I've sended you an email.


----------



## Golden Ears (Jul 18, 2010)

Update.

well.... 

The Apogee Mini DAC... still a great DAC.. is no match for a WADIA 121.

I had the Lynx Studios Hilo, fantastic High frequency sound stage (endless configurations..you might be able to do 5.1 too)...but not as good Male vocals as the Apogee or Wadia..arrrghhh..Deal breaker.

I heard the Metrum HEX...good, but not amazing.

.....recently May 31- June 2 , 2013 I exhibited at T.H.E. Show Newport Beach 
with Chapman. 

I managed to borrow a $7000 MSB Analog DAC, this is in league with the Stahl-Tek Vekian I liked ($20,000). This has an incredible RELAXING sound, that somehow removes the "anxious attack" of digital....and that "grainy chopped discontinuity..." heard in vocals and sustained notes that you hear in digital. The MSB puts you at ease like a good LP vinyl record (have to use all three terms for those not young enough to recognize the solo term LP (LP="long playing"...now...so outdated compared to an endless digital play list). MSB is still not as nice as 12" 45rpm or 7.5" or faster master tape....even if the reviewer said so....

MSB Technology The Analog DAC | AudioStream



But hey...its a long way there.----

Sadly.... dual 24 volt + 12 volt power supplies -highly regulated -complicate ...at least for now, using the MSB in my car....too bad..such a cool piece milled out of a solid slab of Aluminum . I may have to use a pure sine wave inverter to pull it off. Also static electricity can lock up the MSB...so I will need a Uninterruptible power supply to protect it from voltage swings.

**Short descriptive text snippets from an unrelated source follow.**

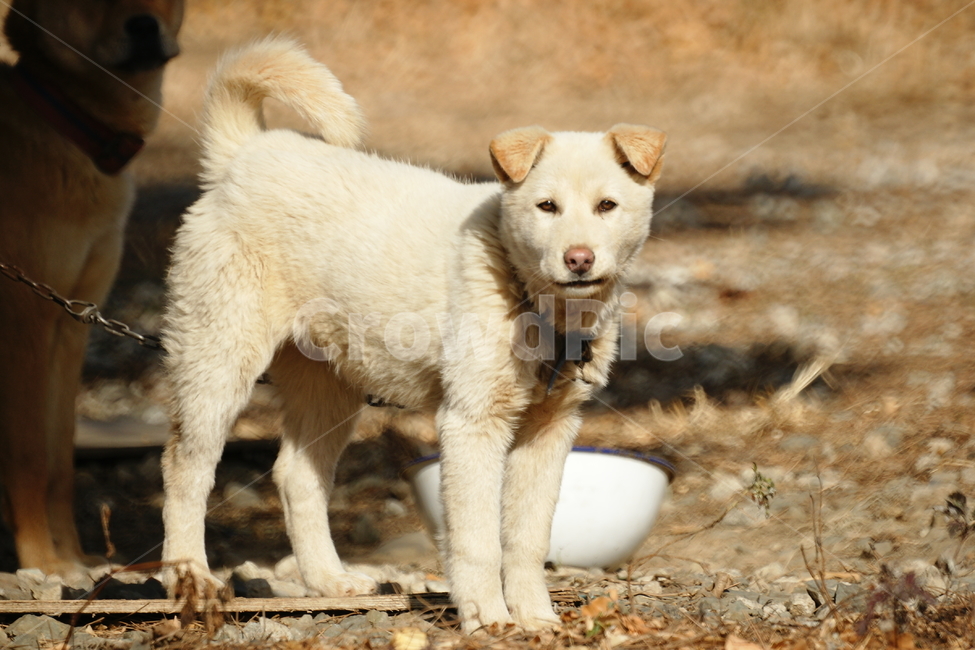 풍산개,강아지,암컷,봄,시골개,밥그릇,흰둥이,동물,animal,포유류,mammal,개,강아지,dog,doggy
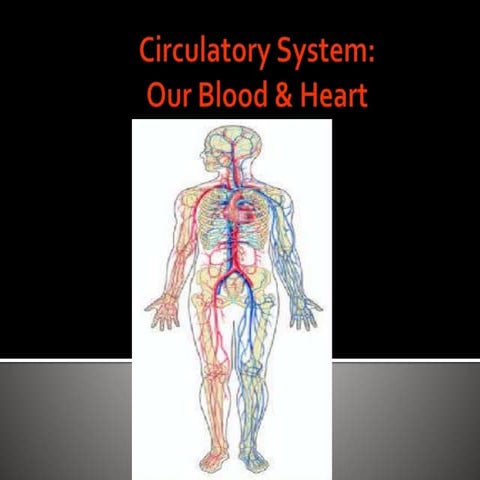 Circulatory system for elementary level | PPTX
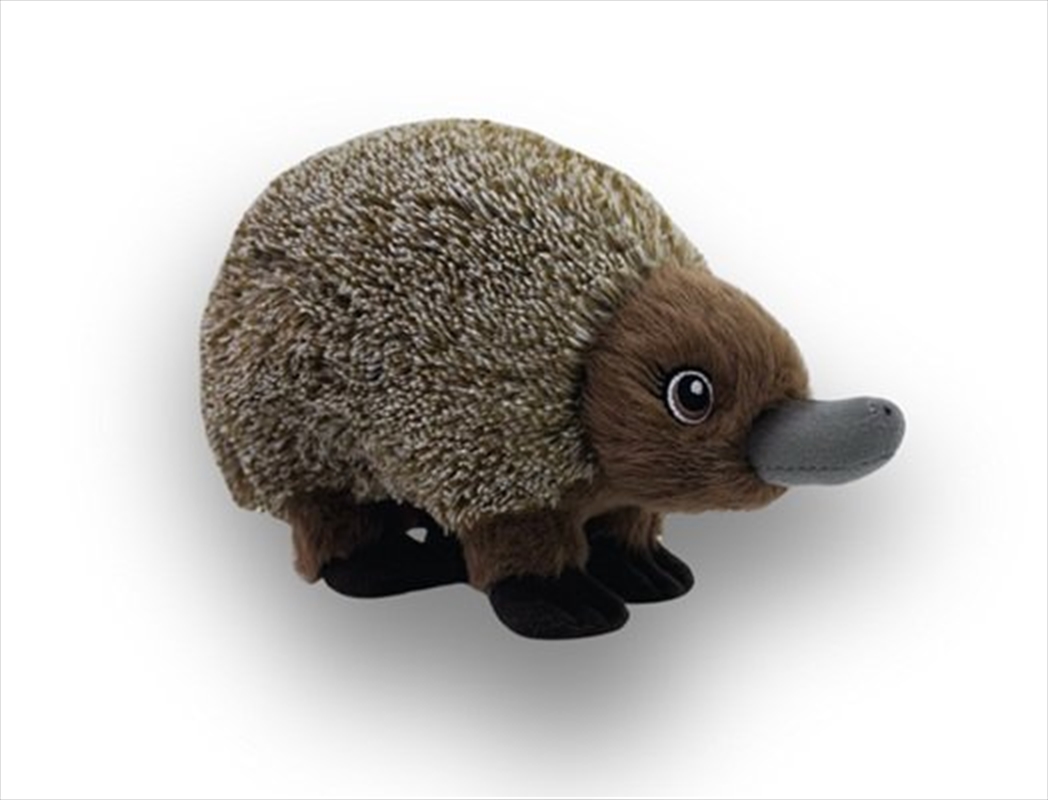 Eco Bub Echidna 18cm/Product Detail/Plush Toys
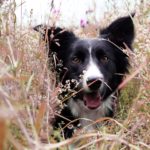 Ferienhof Schlumm - Border Collie schaut durch die Blumen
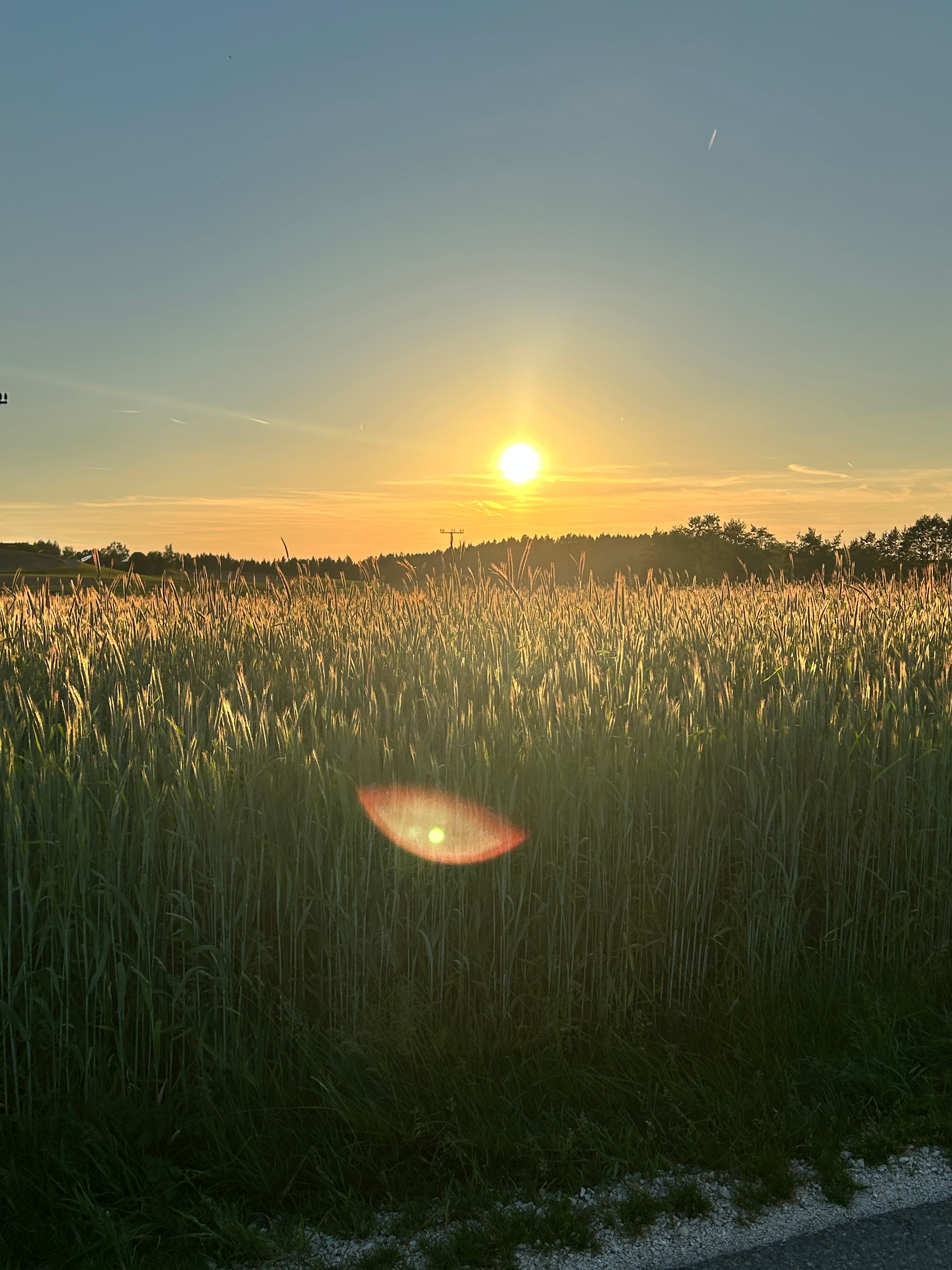 Bright sun setting over a golden wheat field with a prominent lens flare.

I probably will sell both my Wadia 121 and Wadia 860x with GNS statement level upgrade to buy this.


----------



## Golden Ears (Jul 18, 2010)

Update:

In case anyone actually cares about Hi-rez in the car. I'll write a bit more about my findings. Don't expect a neat review- It was a long day and I feel VERY VERY few people actually read this... If you are someone that appreciates what I write- let me know in this thread. I'll take the time to clean up and organize future comments on this long arduous journey. It's 1am.

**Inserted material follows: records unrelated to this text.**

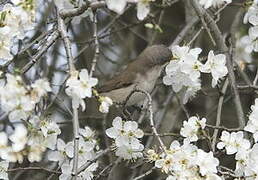 Lesser Whitethroat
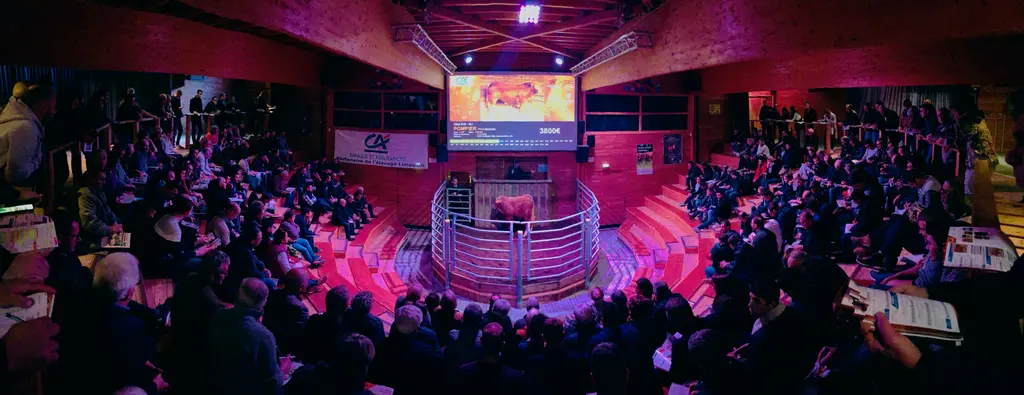vente de Lanaud mars 2020
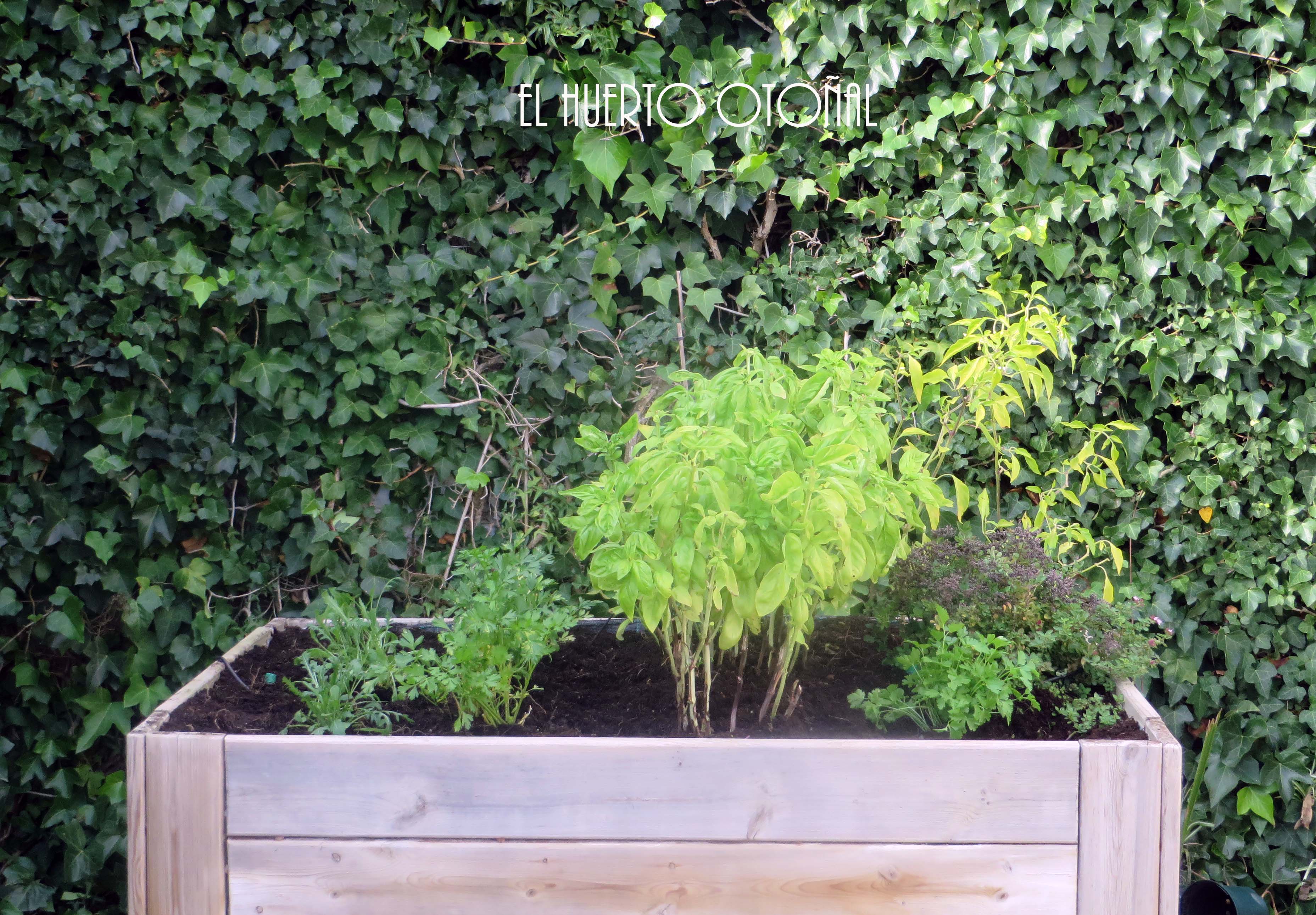huerto1
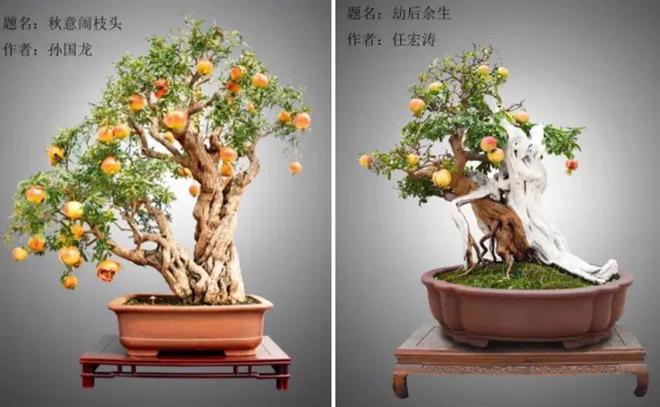 星空體育平臺(tái)：會(huì)員周報(bào)：2024中國(guó)攀巖自然巖壁系列賽華山圓滿落幕；黃山風(fēng)景區(qū)宣布打造國(guó)內(nèi)首個(gè)“全程AI伴游”景區(qū)(圖5)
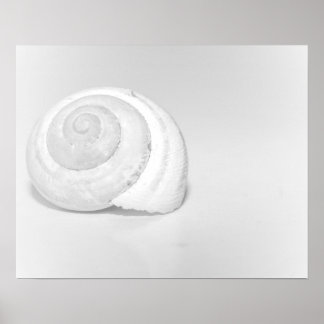 Póster Fotografía minimalista de concha de caracol blanco
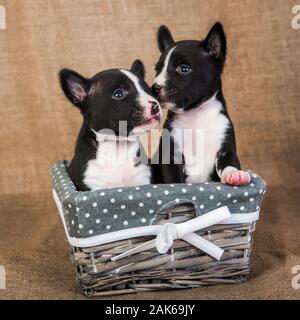 Zwei kleine Babys Basenji Welpen Hunde sind küssen Stockfoto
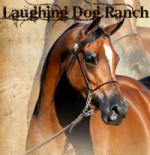 Laughing Dog Ranch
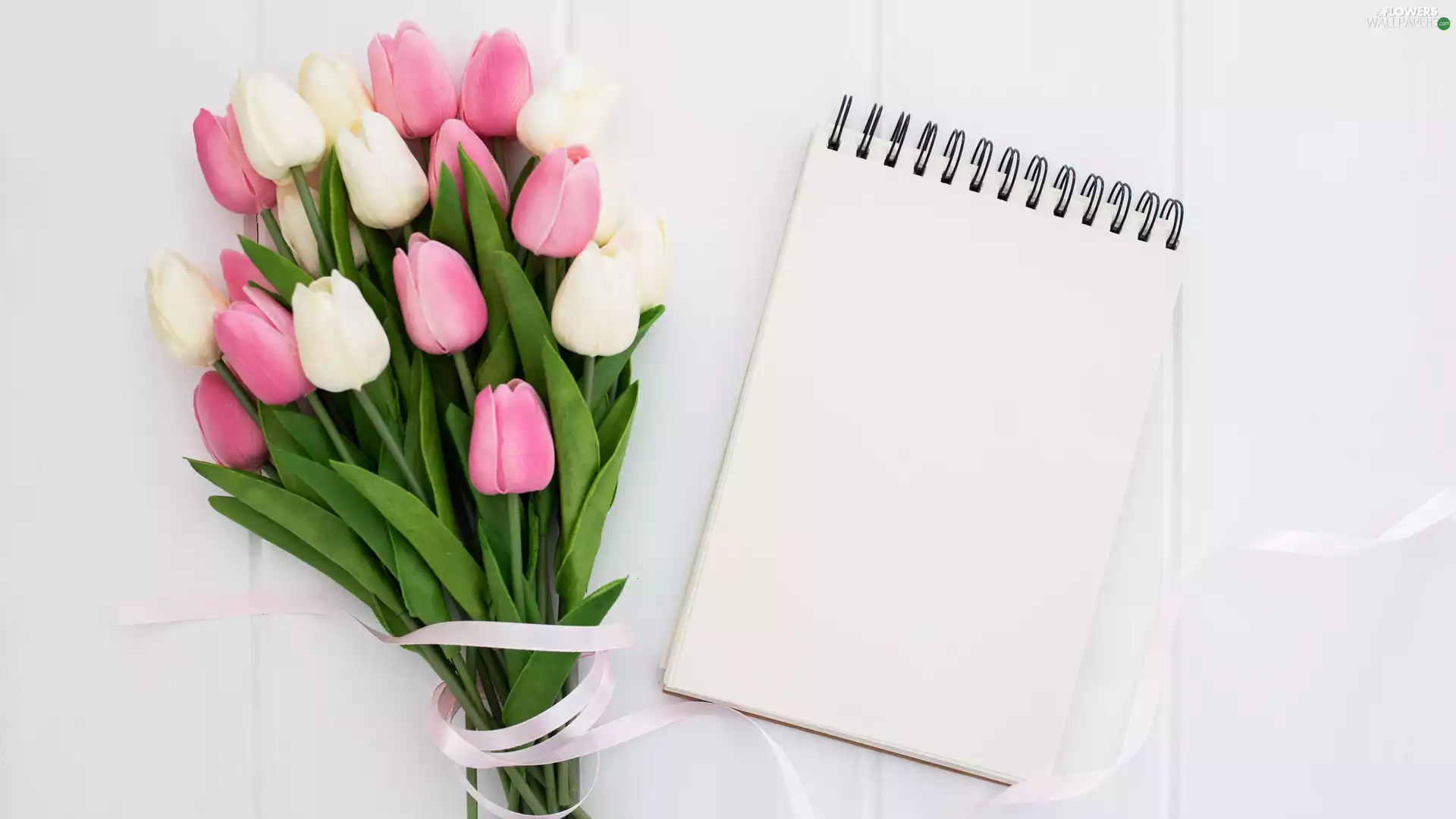 Tulips, Pink, ribbon, note-book, bouquet, White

So I sold the Wadia 121. The SABRE chip wore on me - and in the end I preferred a much less expensive Meridian Explorer- which really wasn't quite the answer either as it did not go depth and detail so well- but fared much better on vocals than the Wadia 121. The Wadia 121 would prove to be a major hassle in several ways. In the actual install in my car- the Apogee Mini DAC sounded better...outside of the car the Wadia was better in some ways......but long term wore on me.

Also ....When power is cut to the Wadia 121- all its settings for output level and source go to factory defaults (So every time you turn off the car... you have to reset it all. ..PITA. (it sounds best through its 4volt output - but does not default to this) It also mutes... And if you want to make a power supply for it.. you need (4) power supplies -% volts + 5 Volts +12 volts -12volts.... forget it! And it sounds much better warmed up- and the time ti takes to warm up...well you'd be there by then.

In comparison- set the Apogee Mini DAC and when it sees voltage again it springs into life and automatically searches inputs endlessly until it locks on. 

The Chordette Qute- needs a great power supply and I was not so taken with the sound. The new Hugo (heard it today- and BTW it did not work with IOS 6- for those with eyes that need IOS 6 easier to read fonts...Hugo needs IOS 7 ANNNND.... it needs the Camera Connection kit to run off your IOS device - so add that cost on top) is good- but very expensive listing at $2400 which puts in in the same territory as the Astell and Kern 240. I heard both today- under subpar conditions at the SoCal Headfi meet. I only had my "sport headphones" which are Ultrasone Edition 9 with APS recable - which need a TTVJ Millett Tube amp to sound right...and did not have the right cabling to go between the TTVJ tube amp and the source- some garbage cable which - frankly killed SQ and made it all some opaque mud- hard to listen through. But I used some Audeze headphones and Sennheiser HD 800's (with stock cables) as a test. The Chordette also is not a officially IOS device certified which means it may require driver installation into a host computer. The Hugo seems to work fine without drivers.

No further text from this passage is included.